POST ALL YOUR PICTURES OF YOUR HOMESTEADERS and SUBURBANITES IN THIS THREAD!


----------



## vtzdriver

Just make sure no moisture gets in your fluid reservoir!!


----------



## PLOWMAN45

those plows make me sad that jeep can do way more


----------



## MA 2001 Blazer

Here is a Homesteader on a 2008 Trailblazer, I love the plow.


----------



## blueline38

had this on a different truck and swapped it over. love this plow!


----------



## MrBigStuff

MA 2001 Blazer;592726 said:


> Here is a Homesteader on a 2008 Trailblazer, I love the plow.


I have mine on a 2004 TB LS 4x4. How high off the pavement is the bottom of the blade on your '08 when it's fully up?

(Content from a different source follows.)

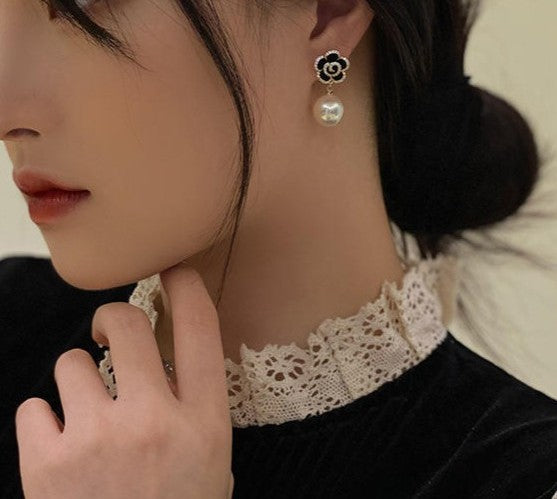 Pack of Black Rose and White Camellia Korean Fashion Earrings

This is my only complaint so far.


----------



## elite1msmith

those are cute..do they get bigger when they get older?


----------



## blueline38

i forget, like 8" or something like that. I had it on a f150 which sat higher so the plow was like 2' off the ground on that. they are cute but they get the job done and weigh as much as a man does. my step father and I carried it from my back yard to my shed this past spring. Do that with any other plow! full hydraulics and no wear on the front suspension, i'm not disapointed at all in this plow!!


----------



## 1719Matt

new2chevy;606774 said:


> i forget, like 8" or something like that. I had it on a f150 which sat higher so the plow was like 2' off the ground on that. they are cute but they get the job done and weigh as much as a man does. my step father and I carried it from my back yard to my shed this past spring. Do that with any other plow! full hydraulics and no wear on the front suspension, i'm not disapointed at all in this plow!!


agree with new2chevy


----------



## Captain

Just had one mounted on my 2004 Explorer - love it. The front end moves less than 1/4" when I lift the plow. Truck doesn't even know it's there.


----------



## Beachernaut

Here's my homesteader on a 1995 S10 Jimmy.


----------



## stecar

i used mine for the first timetoday? For some reason I wasnt getting to the pavement. any idea? the plow would just lift over the snow---barely pushed anything


----------



## Beachernaut

I had the opposite problem. It'd dig all of the gravel off if I wasn't careful. I put on the poly shoes and it works great now.
You might want to check your "scrape lock" adjustment.


----------



## luv2plow

stay away from the '' steader'''' i've REPLACED too many parts already , and the motor really sucks -wind ;; gl


----------



## luv2plow

*the motor*



MrBigStuff;606057 said:


> I have mine on a 2004 TB LS 4x4. How high off the pavement is the bottom of the blade on your '08 when it's fully up?
> 
> This is my only complaint so far.


 please let me know when the motor goes ? i'm on my 3rd ! and the winter Just Started ! gl


----------



## blueline38

*homesteader*

I am on my third season with my suburbanite and have put no parts into my plow. I recently had a problem and was told by a dealer that the motor was shot. i bought a new motor and hooked the plow up to change the motor and bleed the system............it worked. I just plowed a 3' snow storm the other day with no problems. I'm not convinced it's the motor and will be checking the selenoid.


----------



## MrBigStuff

stecar;683488 said:


> i used mine for the first timetoday? For some reason I wasnt getting to the pavement. any idea? the plow would just lift over the snow---barely pushed anything


Are you putting the blade into float mode? If you press and hold the down button, the green light will come on indicating the blade is in float mode. That way, it follows the contours of the ground.


----------



## the new boss 92

wow thoes things are like the buliding blocks of all plows. when yall gonna buy something bigger!?


----------



## Beachernaut

the new boss 92;723327 said:


> wow thoes things are like the buliding blocks of all plows. when yall gonna buy something bigger!?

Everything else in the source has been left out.